In Jordan, said Mansur, agriculture is labor-intensive, rather than capital intensive, and the sector faces bureaucratic problems, in terms of produce cultivation, sales and export mechanisms. This sector contributes 3% of the total economic output, and migrant day laborers represent the majority of workers, which led to a lack of social and health insurance, especially among the group of female agricultural workers from among Syrian refugees. Mansur added that 1.3 million people work in the informal sector, but it was difficult to reach them during the crisis, especially because they are not registered on the social lists.

Regarding food security, Mansur pointed out that domestic wheat production is not enough to cover more than 8 days of Jordan’s need; a country that used to export wheat 50 years ago, reached this situation because of the high cost of energy that go into the water-generation process, which is the highest in the world, of the high land prices, of weak financing, and of policy, which imposes a tax on farms.

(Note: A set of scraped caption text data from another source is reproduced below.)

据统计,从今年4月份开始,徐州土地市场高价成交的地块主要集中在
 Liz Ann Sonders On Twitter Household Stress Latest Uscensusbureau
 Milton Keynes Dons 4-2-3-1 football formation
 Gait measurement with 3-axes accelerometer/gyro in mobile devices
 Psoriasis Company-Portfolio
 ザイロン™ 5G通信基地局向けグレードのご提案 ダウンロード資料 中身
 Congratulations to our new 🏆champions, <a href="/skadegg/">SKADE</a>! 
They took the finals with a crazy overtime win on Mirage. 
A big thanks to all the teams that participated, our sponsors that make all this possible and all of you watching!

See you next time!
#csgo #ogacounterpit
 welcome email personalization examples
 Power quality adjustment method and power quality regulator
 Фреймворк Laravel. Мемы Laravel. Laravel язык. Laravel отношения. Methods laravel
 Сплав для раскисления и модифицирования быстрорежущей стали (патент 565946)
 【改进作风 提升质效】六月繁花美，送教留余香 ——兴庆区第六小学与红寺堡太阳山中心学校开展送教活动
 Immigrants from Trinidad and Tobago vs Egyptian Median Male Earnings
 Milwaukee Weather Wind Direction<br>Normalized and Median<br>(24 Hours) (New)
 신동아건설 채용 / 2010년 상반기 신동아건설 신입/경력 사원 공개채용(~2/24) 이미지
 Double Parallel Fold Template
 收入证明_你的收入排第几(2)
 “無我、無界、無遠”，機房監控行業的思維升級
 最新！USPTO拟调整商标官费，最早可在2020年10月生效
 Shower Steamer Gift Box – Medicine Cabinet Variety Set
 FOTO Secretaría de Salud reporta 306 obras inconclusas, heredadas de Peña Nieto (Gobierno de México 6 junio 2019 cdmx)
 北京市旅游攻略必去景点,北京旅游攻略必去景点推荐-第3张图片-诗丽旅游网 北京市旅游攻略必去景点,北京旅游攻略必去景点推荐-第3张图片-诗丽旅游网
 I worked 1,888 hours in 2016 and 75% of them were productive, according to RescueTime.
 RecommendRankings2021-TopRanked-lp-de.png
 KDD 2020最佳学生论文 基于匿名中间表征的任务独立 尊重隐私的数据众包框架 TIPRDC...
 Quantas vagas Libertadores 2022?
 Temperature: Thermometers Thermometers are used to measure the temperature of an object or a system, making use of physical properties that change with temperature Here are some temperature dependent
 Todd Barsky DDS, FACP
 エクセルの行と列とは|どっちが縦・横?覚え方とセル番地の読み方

By way of recommendations, at state level, the speakers stressed the importance of restructuring the agricultural policy as a whole and of developing the agricultural sector, ensuring that the government support is not merely financial but also helps with capacity building. They also stressed the need to activate the political will to provide for social protection systems and food security. They also called for building an Arab economic and solidarity system that addresses the real needs of the population, while integrating into larger regional joint economic systems as a key solution to future crises in general and to achieving food security. In addition to investing in technological, productive and solidarity sectors, and promote social and economy of life.